Abstract
Purpose
To assess the incidence of associated structural anomalies, chromosomal/genetic abnormalities, infections, and perinatal outcomes of fetuses with ventriculomegaly (VM), also to evaluate the role of fetal magnetic resonance imaging (MRI) in detecting associated intracranial anomalies.
Methods
Retrospective cohort study of 149 prenatally diagnosed pregnancies with fetal VM. VM was classified as mild (Vp = 10–12 mm), moderate (Vp = 12.1–15 mm), and severe (Vp > 15 mm).

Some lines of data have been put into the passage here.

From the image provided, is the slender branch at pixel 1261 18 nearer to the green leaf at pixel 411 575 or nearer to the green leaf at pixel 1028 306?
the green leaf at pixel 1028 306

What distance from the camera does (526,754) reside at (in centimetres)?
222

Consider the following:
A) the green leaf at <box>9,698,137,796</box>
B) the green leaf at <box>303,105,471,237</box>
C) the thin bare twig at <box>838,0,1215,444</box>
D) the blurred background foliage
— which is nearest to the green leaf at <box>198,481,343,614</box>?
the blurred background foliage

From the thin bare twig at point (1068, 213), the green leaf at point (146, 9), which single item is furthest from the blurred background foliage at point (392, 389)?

Fetal MRI was performed to 97 pregnancies.
Results
The incidences of an associated CNS, non-CNS, chromosomal anomaly, genetic abnormality and fetal infection were 42.3%, 11.4%, 6.1%, 2.1% and 1.3%, respectively. Fetal MRI identified additional CNS anomalies in 6.7% of cases, particularly in severe VM. The incidences of perinatal outcomes were 18.8% termination of pregnancy, 4% intrauterine and 8.1% neonatal or infant death. The rates of fetuses alive at > 12 months of age with neurological morbidity were 2.6%, 11.1% and 76.9% for mild, moderate and severe isolated VM, respectively.
Conclusion
The prognosis of fetuses with VM mostly depends on the severity and the associated anomalies. Mild to moderate isolated VM generally have favorable outcomes. Fetal MRI is particularly valuable in fetuses with isolated severe VM.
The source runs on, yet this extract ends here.